--- Stored data Enclosed Below ---

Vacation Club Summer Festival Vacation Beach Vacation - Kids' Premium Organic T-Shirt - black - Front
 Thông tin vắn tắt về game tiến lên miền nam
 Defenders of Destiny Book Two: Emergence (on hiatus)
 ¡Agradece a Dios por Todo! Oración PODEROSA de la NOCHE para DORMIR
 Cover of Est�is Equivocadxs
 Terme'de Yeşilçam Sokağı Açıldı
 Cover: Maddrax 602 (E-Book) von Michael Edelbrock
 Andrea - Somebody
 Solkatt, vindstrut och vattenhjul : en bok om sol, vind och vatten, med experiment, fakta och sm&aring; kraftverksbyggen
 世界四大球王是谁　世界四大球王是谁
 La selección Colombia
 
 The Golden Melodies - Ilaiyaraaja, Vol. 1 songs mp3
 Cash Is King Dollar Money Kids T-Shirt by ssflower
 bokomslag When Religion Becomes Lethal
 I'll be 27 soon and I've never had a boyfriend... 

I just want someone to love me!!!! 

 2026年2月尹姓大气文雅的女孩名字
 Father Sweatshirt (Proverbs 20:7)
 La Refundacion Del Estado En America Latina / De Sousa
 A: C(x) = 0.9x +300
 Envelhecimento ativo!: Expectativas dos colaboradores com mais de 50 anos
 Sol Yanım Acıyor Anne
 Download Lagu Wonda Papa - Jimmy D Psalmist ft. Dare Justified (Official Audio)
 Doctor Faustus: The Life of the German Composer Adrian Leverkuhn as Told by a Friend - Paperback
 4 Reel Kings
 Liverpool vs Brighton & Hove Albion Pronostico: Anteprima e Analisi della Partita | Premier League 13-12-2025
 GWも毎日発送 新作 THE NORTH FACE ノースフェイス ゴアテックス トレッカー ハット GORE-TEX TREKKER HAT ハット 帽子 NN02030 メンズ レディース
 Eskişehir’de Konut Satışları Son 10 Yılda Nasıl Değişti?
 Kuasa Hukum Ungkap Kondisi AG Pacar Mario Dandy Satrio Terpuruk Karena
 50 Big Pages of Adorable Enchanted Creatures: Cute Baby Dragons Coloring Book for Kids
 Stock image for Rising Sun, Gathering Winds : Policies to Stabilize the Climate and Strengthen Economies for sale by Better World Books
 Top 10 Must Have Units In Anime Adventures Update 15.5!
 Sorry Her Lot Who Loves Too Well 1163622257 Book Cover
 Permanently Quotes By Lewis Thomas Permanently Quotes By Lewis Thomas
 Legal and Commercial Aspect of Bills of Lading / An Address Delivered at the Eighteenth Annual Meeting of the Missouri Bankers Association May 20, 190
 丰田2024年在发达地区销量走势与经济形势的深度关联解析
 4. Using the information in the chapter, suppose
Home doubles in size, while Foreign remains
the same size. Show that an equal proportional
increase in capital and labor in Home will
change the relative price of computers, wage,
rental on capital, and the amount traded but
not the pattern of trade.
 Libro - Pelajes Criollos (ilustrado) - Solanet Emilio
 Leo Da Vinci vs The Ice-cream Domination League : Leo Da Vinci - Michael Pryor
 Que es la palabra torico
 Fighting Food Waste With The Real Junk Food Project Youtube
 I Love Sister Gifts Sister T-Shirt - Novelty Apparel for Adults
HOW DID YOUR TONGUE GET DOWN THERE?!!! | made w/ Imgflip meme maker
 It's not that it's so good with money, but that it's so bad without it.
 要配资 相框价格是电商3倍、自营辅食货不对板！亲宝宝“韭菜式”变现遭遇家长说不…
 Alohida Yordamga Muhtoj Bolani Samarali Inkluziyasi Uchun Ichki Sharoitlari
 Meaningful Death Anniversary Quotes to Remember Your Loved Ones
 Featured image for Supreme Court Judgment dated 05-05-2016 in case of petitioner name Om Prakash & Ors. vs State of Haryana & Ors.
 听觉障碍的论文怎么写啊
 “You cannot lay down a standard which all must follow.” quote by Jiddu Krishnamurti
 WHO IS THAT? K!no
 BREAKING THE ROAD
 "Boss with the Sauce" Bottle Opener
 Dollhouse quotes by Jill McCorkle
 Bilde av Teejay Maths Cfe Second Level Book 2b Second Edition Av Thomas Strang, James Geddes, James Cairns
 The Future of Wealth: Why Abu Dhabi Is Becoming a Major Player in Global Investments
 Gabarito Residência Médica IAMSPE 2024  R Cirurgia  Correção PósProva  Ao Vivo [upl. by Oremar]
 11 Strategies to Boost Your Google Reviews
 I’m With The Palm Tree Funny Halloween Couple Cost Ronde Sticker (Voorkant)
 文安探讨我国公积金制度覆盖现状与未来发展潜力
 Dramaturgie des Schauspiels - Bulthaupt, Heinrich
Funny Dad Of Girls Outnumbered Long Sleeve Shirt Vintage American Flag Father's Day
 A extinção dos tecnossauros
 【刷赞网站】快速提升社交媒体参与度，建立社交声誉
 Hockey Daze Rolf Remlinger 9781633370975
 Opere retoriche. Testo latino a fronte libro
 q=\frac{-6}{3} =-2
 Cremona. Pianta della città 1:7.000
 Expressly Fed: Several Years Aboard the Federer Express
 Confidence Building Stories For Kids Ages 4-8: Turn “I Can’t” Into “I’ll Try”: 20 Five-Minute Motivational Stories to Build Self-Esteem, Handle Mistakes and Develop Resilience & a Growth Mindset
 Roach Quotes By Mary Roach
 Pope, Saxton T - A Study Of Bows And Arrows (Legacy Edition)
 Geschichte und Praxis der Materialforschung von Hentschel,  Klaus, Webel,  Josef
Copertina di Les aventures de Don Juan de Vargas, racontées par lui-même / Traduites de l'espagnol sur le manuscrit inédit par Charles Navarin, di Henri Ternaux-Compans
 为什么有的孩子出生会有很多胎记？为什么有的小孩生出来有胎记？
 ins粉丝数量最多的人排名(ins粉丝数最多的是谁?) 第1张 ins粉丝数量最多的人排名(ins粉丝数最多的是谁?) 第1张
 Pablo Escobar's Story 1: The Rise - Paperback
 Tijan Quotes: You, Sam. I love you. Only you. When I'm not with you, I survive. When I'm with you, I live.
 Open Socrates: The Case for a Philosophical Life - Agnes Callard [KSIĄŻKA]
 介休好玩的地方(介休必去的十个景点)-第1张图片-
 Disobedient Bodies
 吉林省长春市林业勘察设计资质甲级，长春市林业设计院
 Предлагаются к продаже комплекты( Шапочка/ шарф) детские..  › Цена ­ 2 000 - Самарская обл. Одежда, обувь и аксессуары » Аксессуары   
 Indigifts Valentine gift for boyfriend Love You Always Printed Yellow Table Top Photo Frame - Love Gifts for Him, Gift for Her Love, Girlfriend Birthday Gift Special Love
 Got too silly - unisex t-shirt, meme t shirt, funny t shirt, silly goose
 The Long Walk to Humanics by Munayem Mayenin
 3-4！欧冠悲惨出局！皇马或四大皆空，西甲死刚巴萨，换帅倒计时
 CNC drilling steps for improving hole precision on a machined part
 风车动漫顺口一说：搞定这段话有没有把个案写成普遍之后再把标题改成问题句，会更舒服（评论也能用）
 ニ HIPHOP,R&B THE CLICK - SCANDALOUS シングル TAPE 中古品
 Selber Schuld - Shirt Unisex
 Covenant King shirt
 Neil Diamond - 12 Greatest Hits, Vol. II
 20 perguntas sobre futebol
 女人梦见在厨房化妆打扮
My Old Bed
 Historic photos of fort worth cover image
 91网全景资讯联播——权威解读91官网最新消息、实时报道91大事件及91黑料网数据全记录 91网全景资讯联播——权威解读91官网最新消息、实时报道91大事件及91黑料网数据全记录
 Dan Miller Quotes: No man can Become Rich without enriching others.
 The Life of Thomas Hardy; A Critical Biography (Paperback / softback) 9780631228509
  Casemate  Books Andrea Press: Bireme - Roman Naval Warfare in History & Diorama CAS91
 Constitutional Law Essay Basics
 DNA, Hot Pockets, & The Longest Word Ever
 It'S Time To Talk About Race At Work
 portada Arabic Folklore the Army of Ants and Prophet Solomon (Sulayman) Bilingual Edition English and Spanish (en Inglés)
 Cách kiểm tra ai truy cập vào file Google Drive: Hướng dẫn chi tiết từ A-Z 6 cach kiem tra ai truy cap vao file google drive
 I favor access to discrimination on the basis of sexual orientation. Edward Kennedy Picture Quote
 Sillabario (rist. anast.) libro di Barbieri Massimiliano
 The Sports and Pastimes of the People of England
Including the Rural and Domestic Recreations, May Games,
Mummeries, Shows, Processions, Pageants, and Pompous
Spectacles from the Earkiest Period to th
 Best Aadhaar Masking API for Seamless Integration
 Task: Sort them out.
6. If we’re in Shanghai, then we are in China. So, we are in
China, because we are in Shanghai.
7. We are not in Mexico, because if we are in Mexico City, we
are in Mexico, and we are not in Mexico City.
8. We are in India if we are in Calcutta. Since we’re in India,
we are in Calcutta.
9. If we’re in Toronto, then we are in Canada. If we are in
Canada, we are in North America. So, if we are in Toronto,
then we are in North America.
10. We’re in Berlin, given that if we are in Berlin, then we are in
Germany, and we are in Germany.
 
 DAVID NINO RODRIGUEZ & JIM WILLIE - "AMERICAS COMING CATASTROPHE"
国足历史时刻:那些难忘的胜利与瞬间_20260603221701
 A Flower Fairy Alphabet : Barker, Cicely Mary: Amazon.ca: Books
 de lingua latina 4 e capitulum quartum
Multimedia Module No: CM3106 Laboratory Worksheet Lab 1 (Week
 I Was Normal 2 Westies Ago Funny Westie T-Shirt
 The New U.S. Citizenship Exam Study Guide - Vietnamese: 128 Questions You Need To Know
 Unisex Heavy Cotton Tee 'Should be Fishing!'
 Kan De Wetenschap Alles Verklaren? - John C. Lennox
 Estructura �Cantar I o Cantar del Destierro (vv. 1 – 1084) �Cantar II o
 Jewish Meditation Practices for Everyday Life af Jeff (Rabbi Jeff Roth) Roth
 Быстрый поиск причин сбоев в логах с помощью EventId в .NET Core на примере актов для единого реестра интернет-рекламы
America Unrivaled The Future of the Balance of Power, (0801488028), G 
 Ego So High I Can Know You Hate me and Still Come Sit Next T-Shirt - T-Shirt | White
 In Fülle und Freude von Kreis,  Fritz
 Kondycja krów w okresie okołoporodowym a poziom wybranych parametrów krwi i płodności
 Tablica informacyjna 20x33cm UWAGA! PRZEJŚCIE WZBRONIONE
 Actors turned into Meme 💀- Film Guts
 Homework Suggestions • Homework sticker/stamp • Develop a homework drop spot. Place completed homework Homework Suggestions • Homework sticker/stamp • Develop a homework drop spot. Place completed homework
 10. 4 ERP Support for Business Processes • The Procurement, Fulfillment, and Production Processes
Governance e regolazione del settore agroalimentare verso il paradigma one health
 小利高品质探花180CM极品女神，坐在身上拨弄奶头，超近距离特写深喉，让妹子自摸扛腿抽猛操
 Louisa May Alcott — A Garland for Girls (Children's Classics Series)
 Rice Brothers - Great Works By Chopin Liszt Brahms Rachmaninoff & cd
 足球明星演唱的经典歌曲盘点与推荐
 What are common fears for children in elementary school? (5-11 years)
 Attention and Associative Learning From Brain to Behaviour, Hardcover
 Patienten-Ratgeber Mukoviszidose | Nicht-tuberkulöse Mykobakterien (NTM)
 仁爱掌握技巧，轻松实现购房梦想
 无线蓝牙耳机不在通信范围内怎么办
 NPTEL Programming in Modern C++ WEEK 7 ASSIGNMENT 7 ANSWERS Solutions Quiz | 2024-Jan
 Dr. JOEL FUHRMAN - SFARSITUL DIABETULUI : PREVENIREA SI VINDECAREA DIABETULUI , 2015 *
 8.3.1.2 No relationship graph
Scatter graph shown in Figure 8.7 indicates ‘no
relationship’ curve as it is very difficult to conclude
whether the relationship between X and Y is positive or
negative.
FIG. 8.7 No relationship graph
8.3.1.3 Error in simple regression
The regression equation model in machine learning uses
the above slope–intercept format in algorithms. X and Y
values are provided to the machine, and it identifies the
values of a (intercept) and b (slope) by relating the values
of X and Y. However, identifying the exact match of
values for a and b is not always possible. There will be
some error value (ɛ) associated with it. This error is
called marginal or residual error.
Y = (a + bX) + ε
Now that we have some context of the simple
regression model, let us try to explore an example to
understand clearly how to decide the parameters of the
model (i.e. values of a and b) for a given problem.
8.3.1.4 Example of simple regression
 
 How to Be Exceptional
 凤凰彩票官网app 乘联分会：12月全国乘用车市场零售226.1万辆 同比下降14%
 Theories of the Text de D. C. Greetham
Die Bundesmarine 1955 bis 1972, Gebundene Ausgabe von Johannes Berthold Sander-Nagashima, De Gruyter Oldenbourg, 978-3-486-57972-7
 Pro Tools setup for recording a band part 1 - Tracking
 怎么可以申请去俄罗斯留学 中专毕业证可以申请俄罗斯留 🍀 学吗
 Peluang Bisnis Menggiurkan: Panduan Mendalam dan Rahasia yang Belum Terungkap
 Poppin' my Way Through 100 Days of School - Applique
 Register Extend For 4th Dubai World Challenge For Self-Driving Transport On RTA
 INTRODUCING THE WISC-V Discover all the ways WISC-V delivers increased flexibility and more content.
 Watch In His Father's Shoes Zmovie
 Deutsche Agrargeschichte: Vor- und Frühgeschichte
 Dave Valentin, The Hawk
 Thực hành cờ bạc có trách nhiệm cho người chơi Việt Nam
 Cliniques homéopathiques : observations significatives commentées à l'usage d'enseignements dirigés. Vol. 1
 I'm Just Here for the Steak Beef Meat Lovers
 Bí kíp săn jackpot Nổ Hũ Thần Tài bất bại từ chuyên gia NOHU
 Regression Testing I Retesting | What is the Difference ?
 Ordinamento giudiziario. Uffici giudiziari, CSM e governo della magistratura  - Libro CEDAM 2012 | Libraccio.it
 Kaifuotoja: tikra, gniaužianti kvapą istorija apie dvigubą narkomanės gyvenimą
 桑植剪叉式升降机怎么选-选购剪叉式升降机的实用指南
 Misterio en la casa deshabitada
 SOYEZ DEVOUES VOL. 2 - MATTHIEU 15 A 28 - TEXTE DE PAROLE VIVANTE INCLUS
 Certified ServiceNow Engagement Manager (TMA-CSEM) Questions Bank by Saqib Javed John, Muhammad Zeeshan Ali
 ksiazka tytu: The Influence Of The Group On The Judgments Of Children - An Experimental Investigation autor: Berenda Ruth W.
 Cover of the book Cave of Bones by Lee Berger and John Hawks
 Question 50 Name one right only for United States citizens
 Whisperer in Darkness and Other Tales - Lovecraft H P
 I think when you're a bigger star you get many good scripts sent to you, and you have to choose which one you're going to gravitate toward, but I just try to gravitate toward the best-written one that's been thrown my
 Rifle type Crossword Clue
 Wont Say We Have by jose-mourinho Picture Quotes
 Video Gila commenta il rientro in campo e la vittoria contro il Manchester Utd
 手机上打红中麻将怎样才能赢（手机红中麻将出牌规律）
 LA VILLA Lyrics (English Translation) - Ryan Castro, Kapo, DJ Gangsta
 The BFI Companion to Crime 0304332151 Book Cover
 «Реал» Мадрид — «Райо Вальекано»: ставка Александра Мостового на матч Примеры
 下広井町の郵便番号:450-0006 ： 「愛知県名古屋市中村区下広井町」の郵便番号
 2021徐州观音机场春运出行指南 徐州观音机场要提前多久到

--- End of Enclosed Stored data ---

Brief
Look back at the entries above and repeat, unchanged, every line from the line holding "ニ HIPHOP,R&B THE" through the line holding "It'S Time To Talk About Race At Work".

Response to this exercise
 ニ HIPHOP,R&B THE CLICK - SCANDALOUS シングル TAPE 中古品
 Selber Schuld - Shirt Unisex
 Covenant King shirt
 Neil Diamond - 12 Greatest Hits, Vol. II
 20 perguntas sobre futebol
 女人梦见在厨房化妆打扮
My Old Bed
 Historic photos of fort worth cover image
 91网全景资讯联播——权威解读91官网最新消息、实时报道91大事件及91黑料网数据全记录 91网全景资讯联播——权威解读91官网最新消息、实时报道91大事件及91黑料网数据全记录
 Dan Miller Quotes: No man can Become Rich without enriching others.
 The Life of Thomas Hardy; A Critical Biography (Paperback / softback) 9780631228509
  Casemate  Books Andrea Press: Bireme - Roman Naval Warfare in History & Diorama CAS91
 Constitutional Law Essay Basics
 DNA, Hot Pockets, & The Longest Word Ever
 It'S Time To Talk About Race At Work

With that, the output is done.